Brief: No pictures, please. Copy exactly the lines from the one with "Pull col V en" through the final line below.
===== Supplied records =====
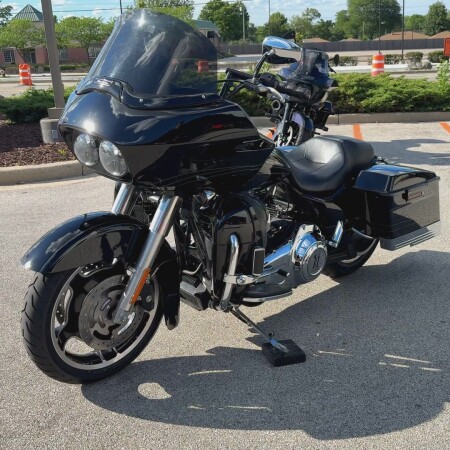 2011 Harley-Davidson® Road Glide® Custom Vivid Black thumb 1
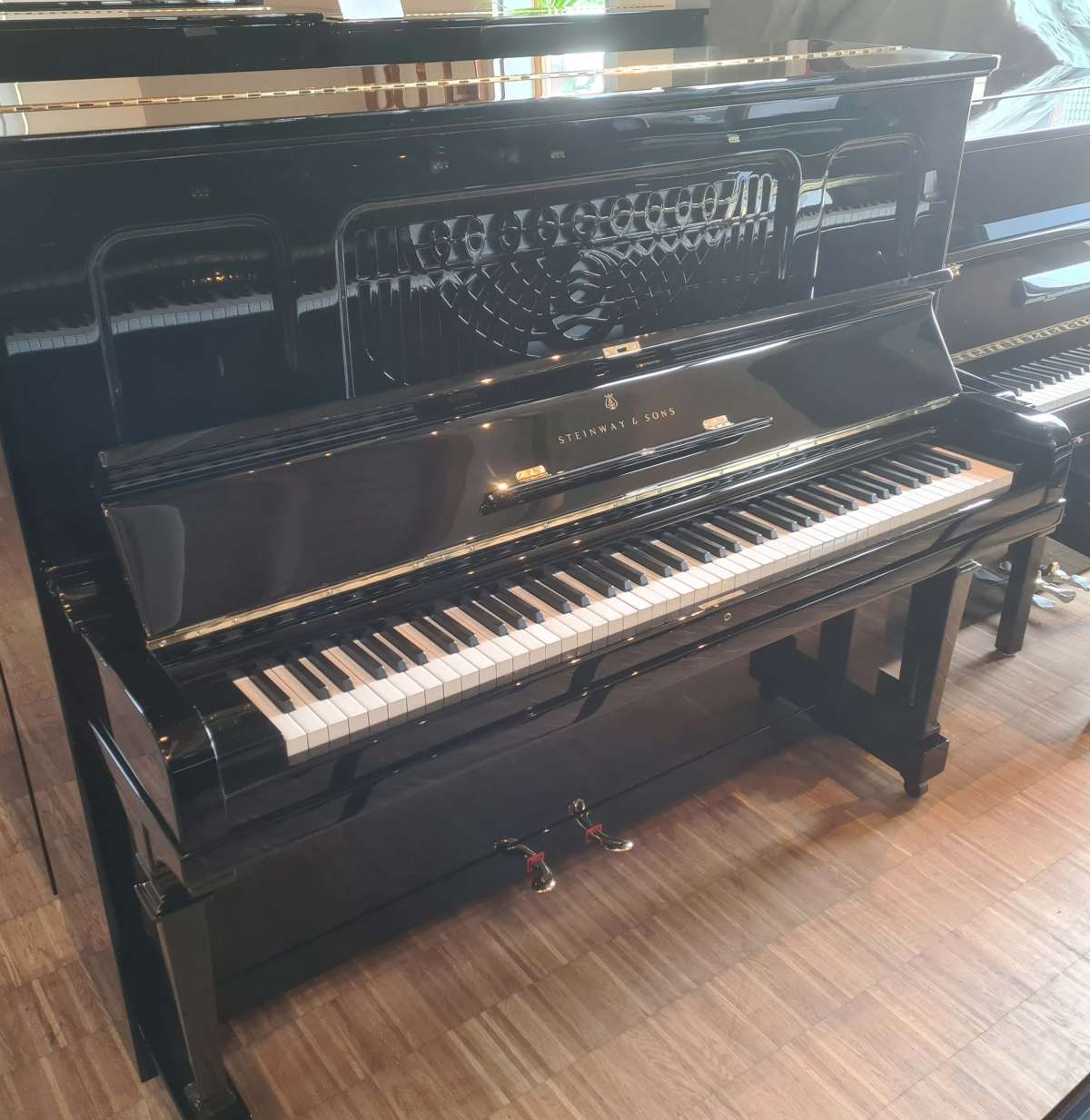 Steinway & Sons Klavier 132 K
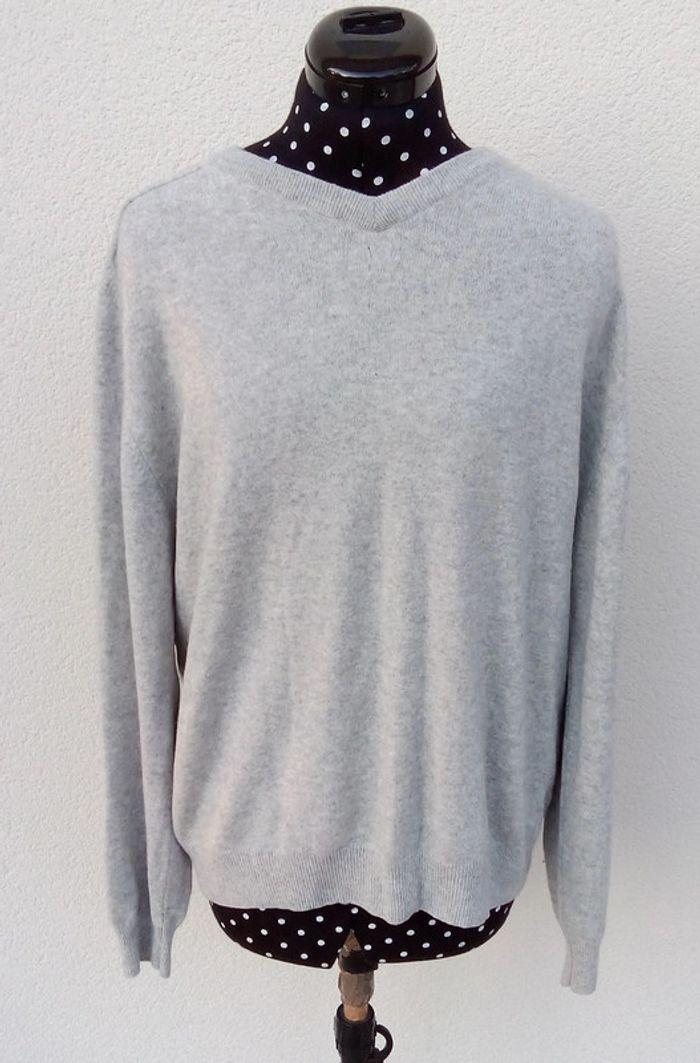 Pull col V en cachemire Marks & Spencer gris clair taille L - photo numéro 5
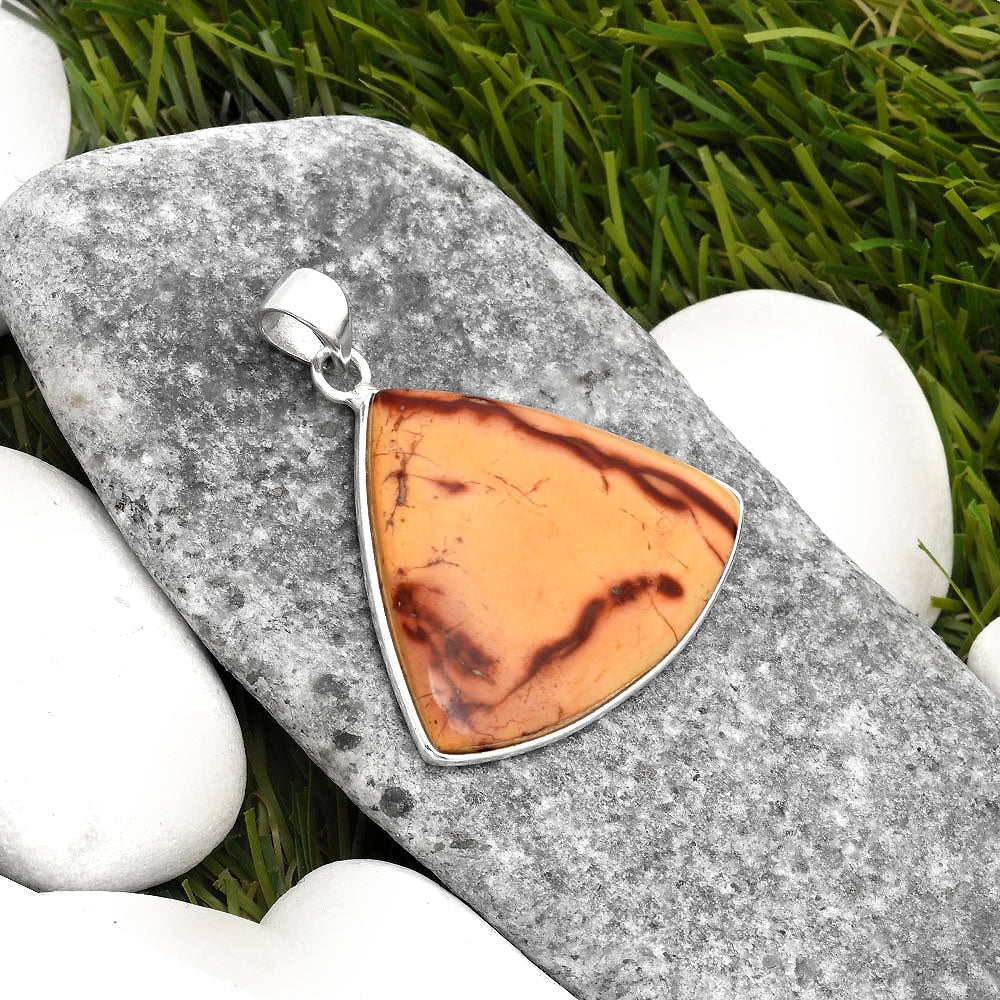 Natural Indian Paint Gemstone Pendant P-1001 SDP108365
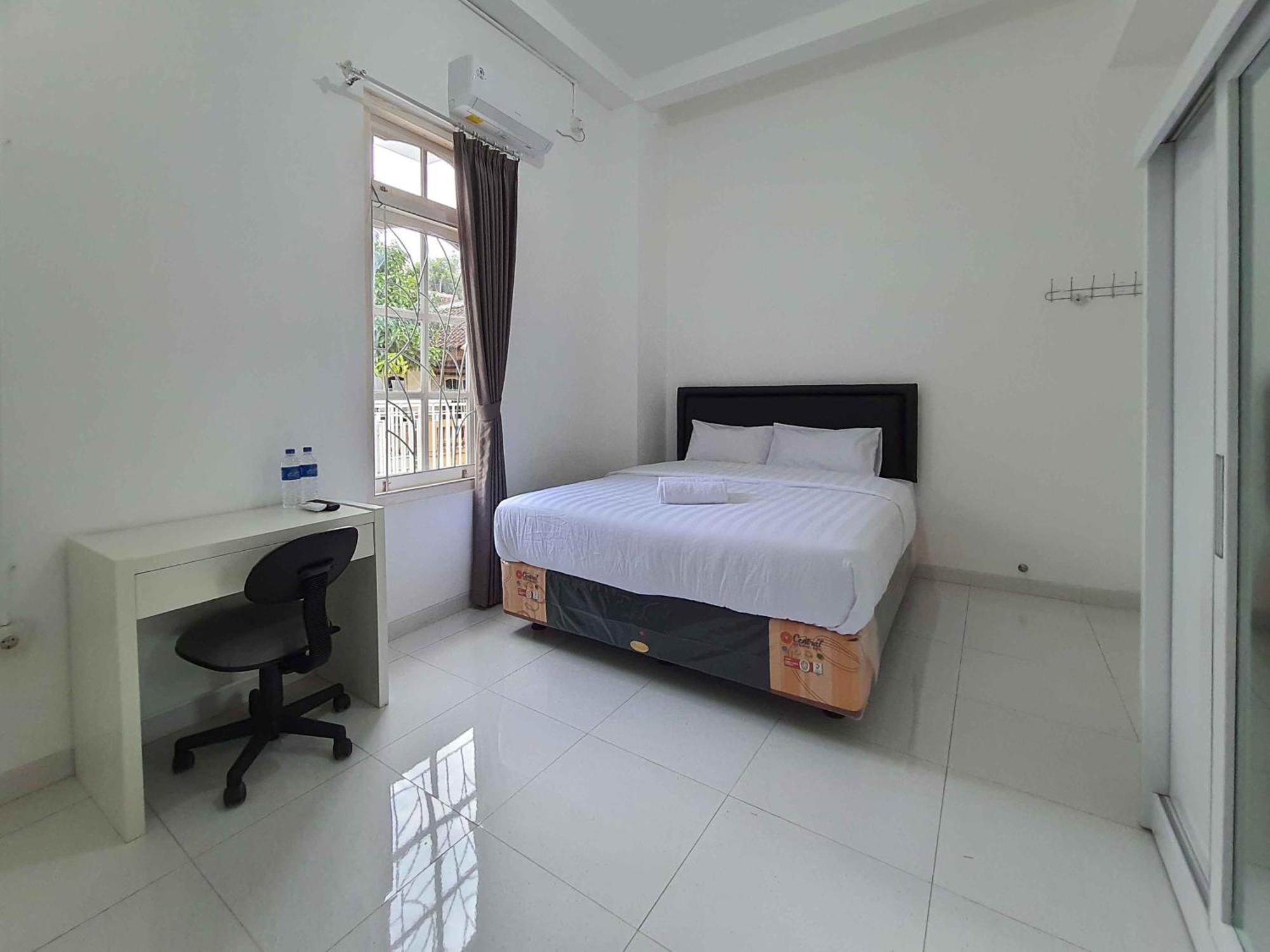 Reddoorz Syariah At Jalan Godean Hotel Ngabean Exterior photo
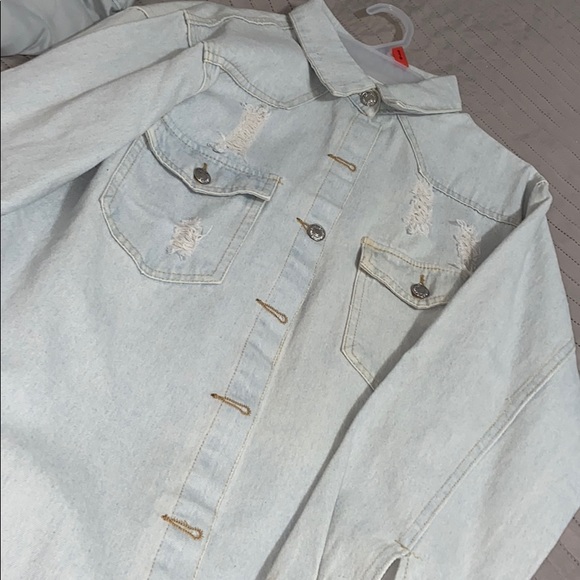 Jean jacket - Picture 2 of 3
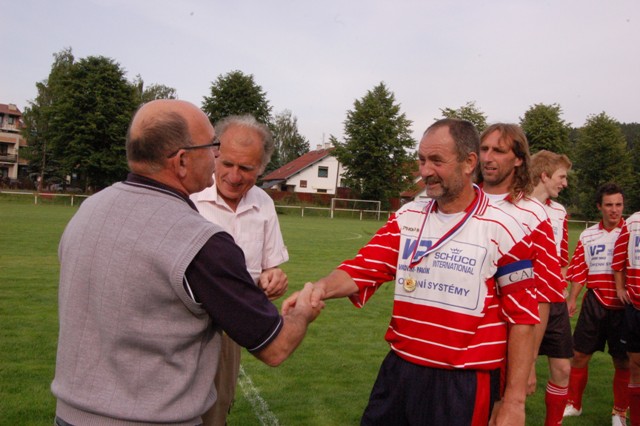 Předávání medaílí za 1.místo ve III.třídě mužů   Sokolu Mochtín B roč.2007/08
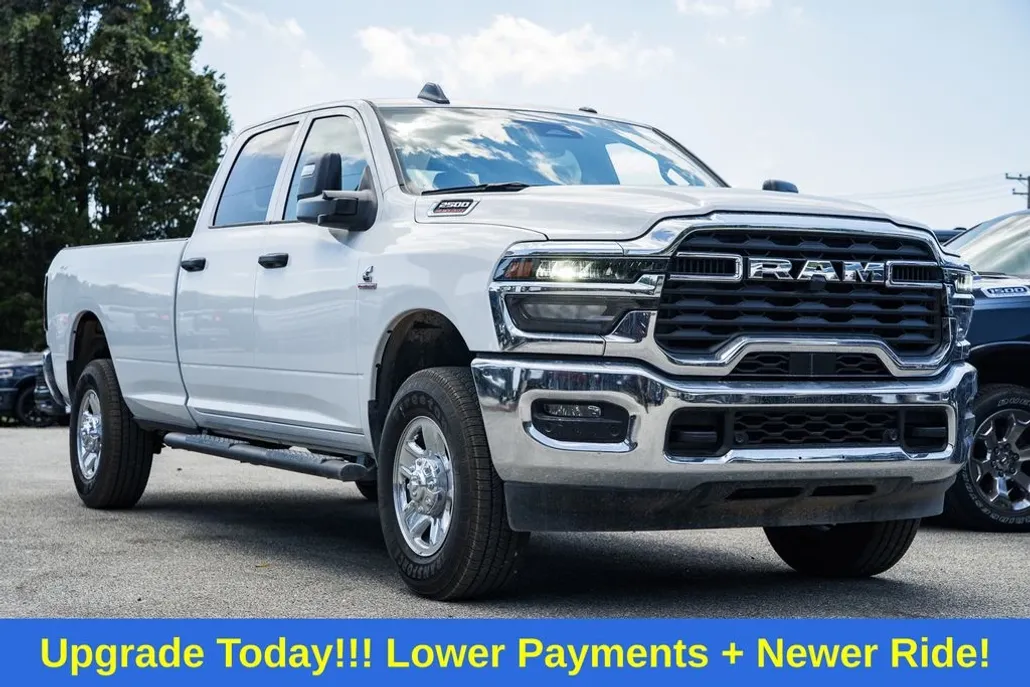 2025 Ram 2500 Tradesman photo 1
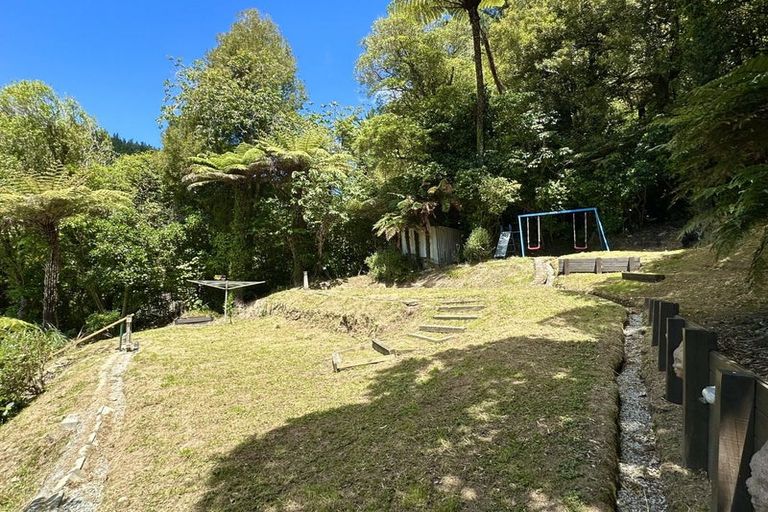 Photo of property in 116 Pinehaven Road, Pinehaven, Upper Hutt, 5019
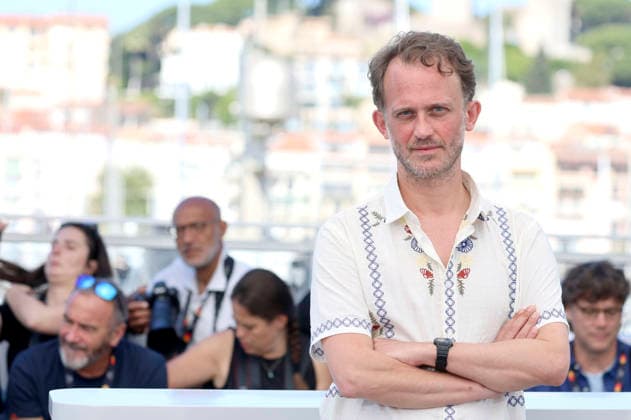 Emmanuel Marre beim Photocall zum Kinofilm Notre salut A Man of His Time auf dem Festival de Cannes 2026 79. Internationale Filmfestspiele von Cannes am Palais des Festivals. Cannes, 21.05.2026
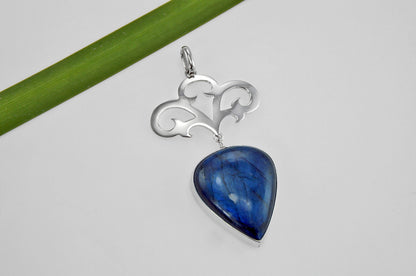 Stenegård - labradorithänge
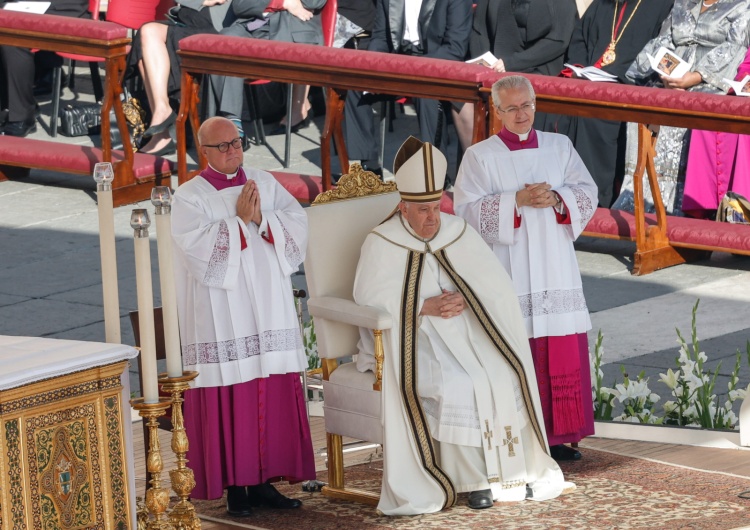 Papież Franciszek w czasie Mszy św. inaugurującej pierwszą sesję Zgromadzenia Synodu Biskupów 2021/2024 Papież przewodniczył Mszy św. na otwarcie Synodu Biskupów: Matka Kościół zawsze potrzebuje oczyszczenia, bycia «odbudowaną»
=====
Solved problem:
 Pull col V en cachemire Marks & Spencer gris clair taille L - photo numéro 5
 Natural Indian Paint Gemstone Pendant P-1001 SDP108365
 Reddoorz Syariah At Jalan Godean Hotel Ngabean Exterior photo
 Jean jacket - Picture 2 of 3
 Předávání medaílí za 1.místo ve III.třídě mužů   Sokolu Mochtín B roč.2007/08
 2025 Ram 2500 Tradesman photo 1
 Photo of property in 116 Pinehaven Road, Pinehaven, Upper Hutt, 5019
 Emmanuel Marre beim Photocall zum Kinofilm Notre salut A Man of His Time auf dem Festival de Cannes 2026 79. Internationale Filmfestspiele von Cannes am Palais des Festivals. Cannes, 21.05.2026
 Stenegård - labradorithänge
 Papież Franciszek w czasie Mszy św. inaugurującej pierwszą sesję Zgromadzenia Synodu Biskupów 2021/2024 Papież przewodniczył Mszy św. na otwarcie Synodu Biskupów: Matka Kościół zawsze potrzebuje oczyszczenia, bycia «odbudowaną»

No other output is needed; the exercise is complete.